After a lot of fiddling about with my baby, my entire life, in pieces on the table, together with the odd loud sigh and brisk walk around the table to quell a sudden urge to smash the thing into more pieces, I managed to effect a repair using only the screw from the hinge of an old pair of specs and the aid of my beautiful assistant (Debbie McGee to my Paul Daniels). Tip: don’t bother with “1-2mm spring wire” as suggested, it’s way too thick and you’ll have to carve away too much of the case to fit it in.

However, it was clear that it could only be a matter of time - a much shorter time than my likely lifespan, unless the worry kills me first - before the game was up and my Psion put its little rubber feet in the air. And suddenly Palm Pilots, with their lack of keyboard or, crucially, any moving parts seemed a lot more attractive.

However, I have come to realise that there is one factor when choosing an electronic PDA that has much more bearing than memory size, screen display, applications or availability of Tetris - technological obsolescence. True, they score over diaries and address books by being (in theory) infinitely updateable, easy to backup and capable of bleeping loudly on your mother’s birthday (they also send a clear signal to friends that if they don’t get a card, it’s because you deliberately didn’t send one rather than you forgot, so f*** you). But the odds of being able to use the same PDA for ten years or more are slim without succumbing to: * hardware failure (inevitable with any Psion); * bit-rot (you have the device but nothing talks to it anymore); * manufacturer going bust or more likely, “leaving the PDA business to concentrate on selling mobile e-services via our web portal” (unless you are Psion and can rely on a constant revenue stream from repairing bust organisers); * the lure of something slimmer, curvier and far sexier (Six Times Married syndrome). (Incidentally, does anyone know how to convert Psion data files to Visor formats?)

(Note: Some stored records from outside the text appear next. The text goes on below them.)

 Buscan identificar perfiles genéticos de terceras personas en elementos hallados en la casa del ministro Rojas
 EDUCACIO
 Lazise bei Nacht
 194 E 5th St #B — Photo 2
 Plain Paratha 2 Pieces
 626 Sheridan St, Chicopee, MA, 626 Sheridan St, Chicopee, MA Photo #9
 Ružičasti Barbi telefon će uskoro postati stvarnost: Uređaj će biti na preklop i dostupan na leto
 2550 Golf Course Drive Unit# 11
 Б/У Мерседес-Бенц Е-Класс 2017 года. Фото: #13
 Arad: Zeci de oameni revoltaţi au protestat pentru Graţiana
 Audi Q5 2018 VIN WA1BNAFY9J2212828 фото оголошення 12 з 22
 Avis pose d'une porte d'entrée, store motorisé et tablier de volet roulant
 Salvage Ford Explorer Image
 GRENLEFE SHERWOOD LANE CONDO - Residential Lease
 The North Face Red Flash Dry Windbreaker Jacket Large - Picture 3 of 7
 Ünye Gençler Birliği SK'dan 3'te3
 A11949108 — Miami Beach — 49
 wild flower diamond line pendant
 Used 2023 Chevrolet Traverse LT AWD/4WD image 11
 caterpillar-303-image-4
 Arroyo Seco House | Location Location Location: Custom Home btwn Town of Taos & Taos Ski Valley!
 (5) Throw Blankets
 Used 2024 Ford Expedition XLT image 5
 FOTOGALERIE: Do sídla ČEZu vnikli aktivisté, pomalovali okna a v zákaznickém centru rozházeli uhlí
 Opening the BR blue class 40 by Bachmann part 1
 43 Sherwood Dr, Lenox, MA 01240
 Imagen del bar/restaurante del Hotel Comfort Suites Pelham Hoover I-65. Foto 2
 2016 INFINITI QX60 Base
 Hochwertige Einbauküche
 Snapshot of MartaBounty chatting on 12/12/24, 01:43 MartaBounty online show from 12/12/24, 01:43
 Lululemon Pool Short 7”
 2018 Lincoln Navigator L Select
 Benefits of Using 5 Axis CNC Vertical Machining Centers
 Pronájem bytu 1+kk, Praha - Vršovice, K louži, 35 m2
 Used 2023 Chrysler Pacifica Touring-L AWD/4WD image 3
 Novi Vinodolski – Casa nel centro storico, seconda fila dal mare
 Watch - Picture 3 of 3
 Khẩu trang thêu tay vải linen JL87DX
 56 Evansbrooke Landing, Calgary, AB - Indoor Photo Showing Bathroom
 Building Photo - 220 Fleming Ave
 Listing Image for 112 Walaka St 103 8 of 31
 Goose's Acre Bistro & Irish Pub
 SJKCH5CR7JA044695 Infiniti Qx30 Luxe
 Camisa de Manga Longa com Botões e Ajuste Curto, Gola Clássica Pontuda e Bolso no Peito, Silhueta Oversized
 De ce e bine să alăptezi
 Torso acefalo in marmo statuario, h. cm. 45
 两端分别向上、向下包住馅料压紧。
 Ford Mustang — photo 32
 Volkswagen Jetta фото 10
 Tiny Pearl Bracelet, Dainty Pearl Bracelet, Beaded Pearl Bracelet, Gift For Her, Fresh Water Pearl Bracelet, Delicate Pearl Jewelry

I’ve had some good times with my Psion, or at least I’ve avoided many bad times through forgetting to do something vitally important (hi, mum). However, I can’t help wondering if the £400 it has cost me to date (including £160 repair fees barely a year before the latest fault) is good value for six years use. Probably, based on savings to my time in not copying out a new diary every year and generally organising my life, but it rankles.

Hence, I realised sadly that my furtive lust for a Handspring Visor was nothing more than that; a desire born of the loins rather than the heart, doomed to end in another tragic breakup when my young mistress one day seemed older and flabbier than the competition or was coldly “discontinued” by the manufacturer. Sometimes, progress is your worst enemy.

The other option, of course, is a PocketPC running Linux. But even I’m not that much of a weenie.